Coroutines
A library for creating and composing producer/transformer/consumer coroutines. Producers are already provided by Ruby’s built-in Enumerator class; this library provides Transformer and Consumer classes that work analogously. In particular, they are also based on Fiber and not on threads (as in some other producer/consumer libraries). Also provides a module Sink, which is analogous to Enumerable, and Enumerable/Transformer/Sink composition using overloaded <= and >= operators.
Installing
gem install coroutines
Using
A simple consumer:
require 'coroutines'
def counter(start)
result = start
loop { result += await }
"Final value: #{result}"
end
co = consum_for :counter, 10 # => #<Consumer: main:counter (running)>
co << 10 << 1000 << 10000
co.close # => "Final value: 11020"
The call to Consumer#close raises StopIteration at the point at which the consumer last executed await. In this case, the StopIteration is caught by loop, causing it to terminate.
Note that this is an intentionally simplistic example intended to show the basic library API. Of course, a counter could just as easily be implemented using a closure; the advantage of a consumer is that the implementation could involve arbitrary control structures with multiple calls to await.
A simple transformer:
require 'coroutines'
def running_sum(start)
result = start
loop { result += await; yield result }
end
tr = trans_for :running_sum, 3 # => #<Transformer: main:running_sum>
sums = (1..10) >= tr # => #<Enumerator: #<Transformer: main:running_sum> <= 1..10>
sums.to_a # => [4, 6, 9, 13, 18, 24, 31, 39, 48, 58]
tr = trans_for :running_sum, 0 # => #<Transformer: main:running_sum>
collect_sums = tr >= []
collect_sums << 1 << 1 << 2 << 3 << 5
collect_sums.close # => [1, 2, 4, 7, 12]
Again, this is just a basic demonstration of the API that could be written without resorting to coroutines (though probably not quite as succinctly).
Sources and sinks
As you probably know, many Ruby classes use the Enumerable mixin to provide common functionality like mapping and filtering of sequences of values. We can think of such classes as “sources” of the values yielded by their respective each methods. In the same way, several classes use the << operator to accept sequences of values:
$stdout << "a" << "b" << "c" # prints "abc"
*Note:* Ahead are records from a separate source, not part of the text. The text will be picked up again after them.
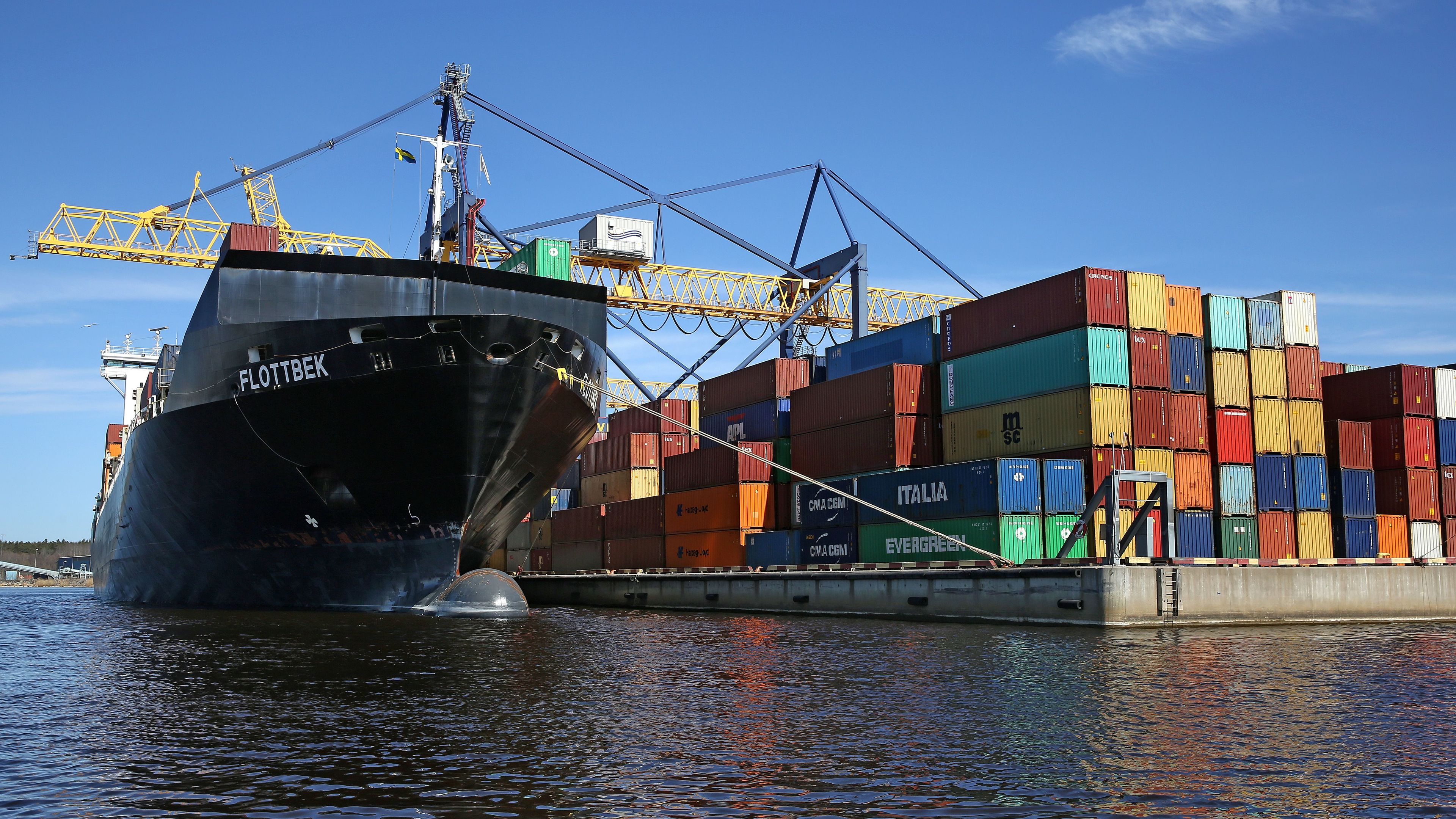 Containerfartyg i hamn under lastning av containrar.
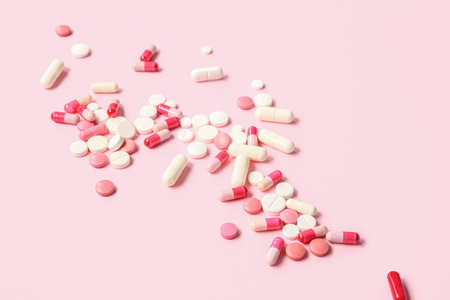 Many different pills on pink backgroundの写真素材
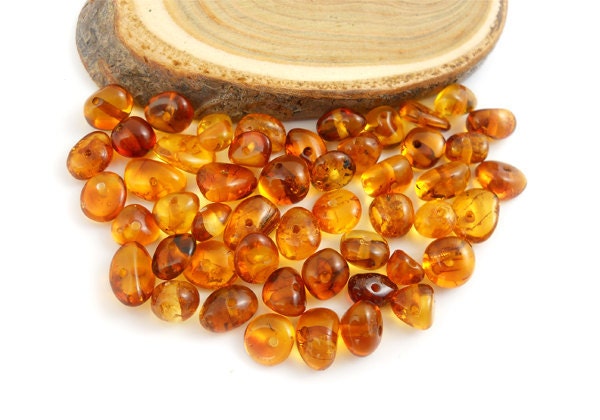 Natural Baltic Amber polished rounded  beads - 50 pcs - Cognac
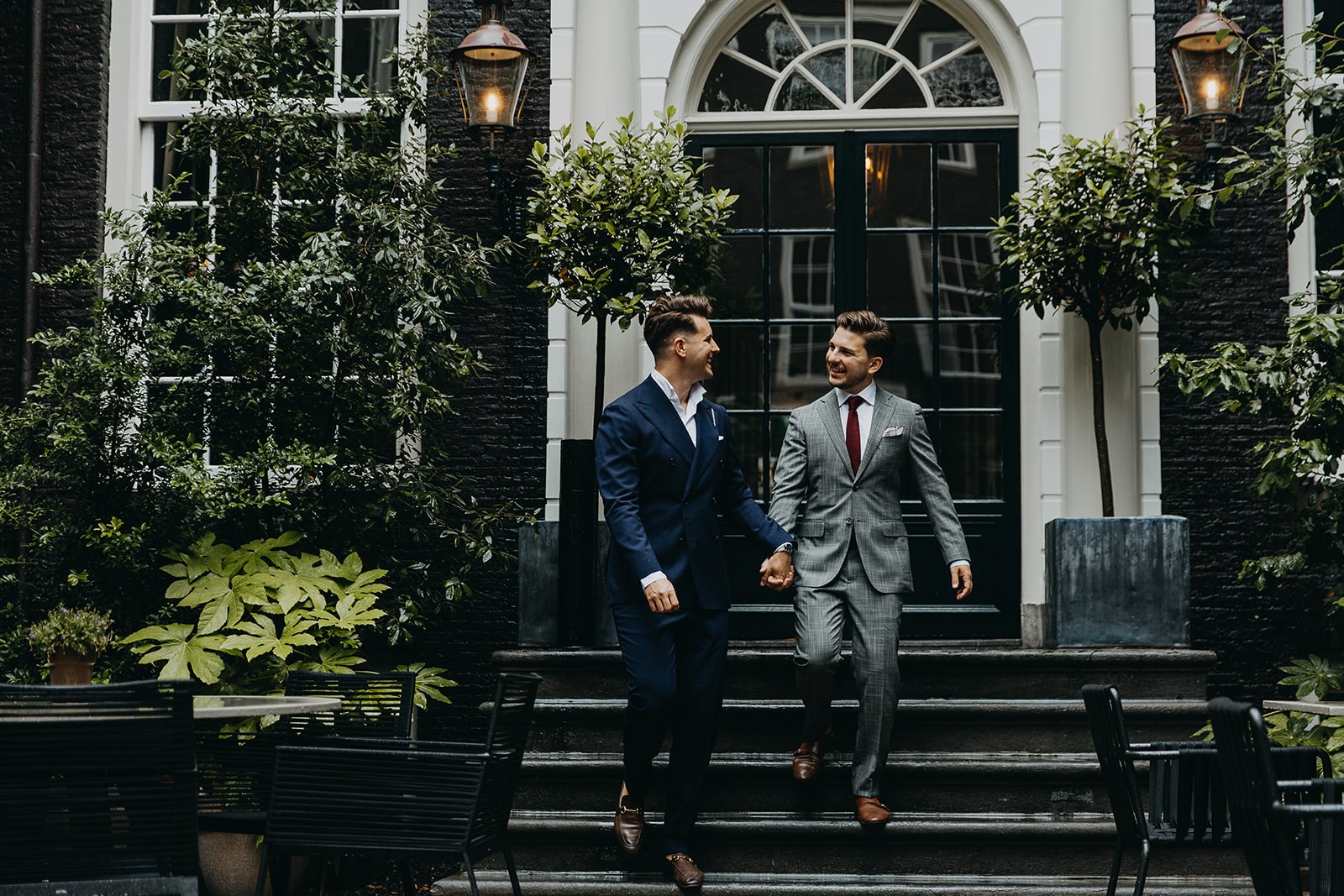 A married copple walking into the secluded garden of Bar Brasserie OCCO in luxury boutique hotel The Dylan Amsterdam.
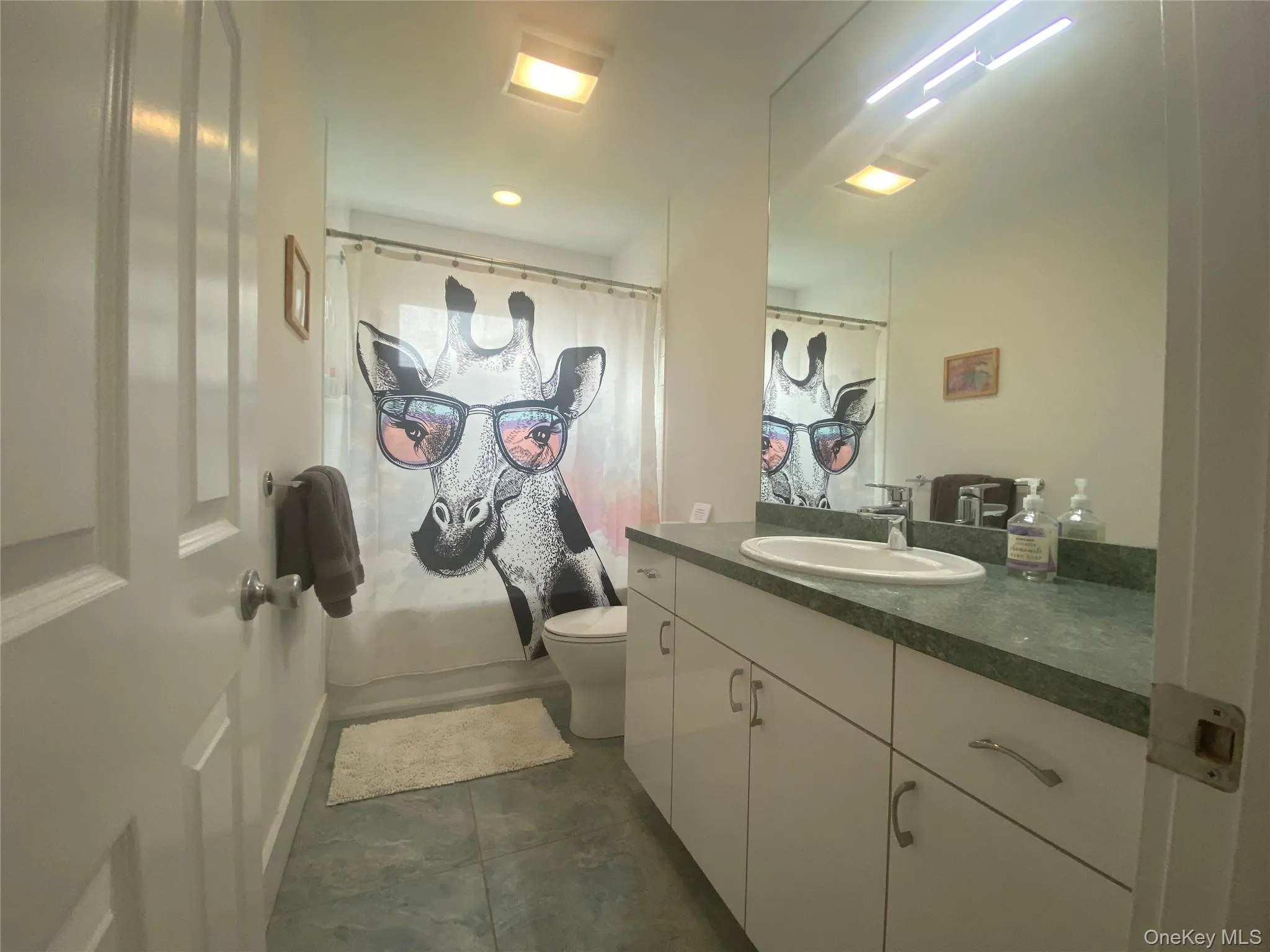 Bathroom featuring vanity and curtained shower Bathroom featuring vanity and curtained shower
[] << "a" << "b" << "c" # => ["a", "b", "c"]
"" << "a" << "b" << "c" # => "abc"
The coroutines library provides the mixin Sink for such classes. Among other methods, this provides an operator <= for “connecting” sources (i.e. enumerables) to sinks.
open("test.txt", "w") <= ["a", "b", "c"] # write "abc" to test.txt
["a", "b", "c"] <= ("d".."f") # => ["a", "b", "c", "d", "e", "f"]
"abc" <= ("d".."f") # => "abcdef"
Note that <= closes the sink after having exhausted the enumerable, returning whatever #close returns. close defaults to simply returning the sink itself, as in the Array and String examples above. For IO, which has its own close implementation, this implies that the file descriptor will be closed after the <= operation finishes. If this is not what you want, use dup:
$stdout.dup <= ["a", "b", "c"] # print "abc"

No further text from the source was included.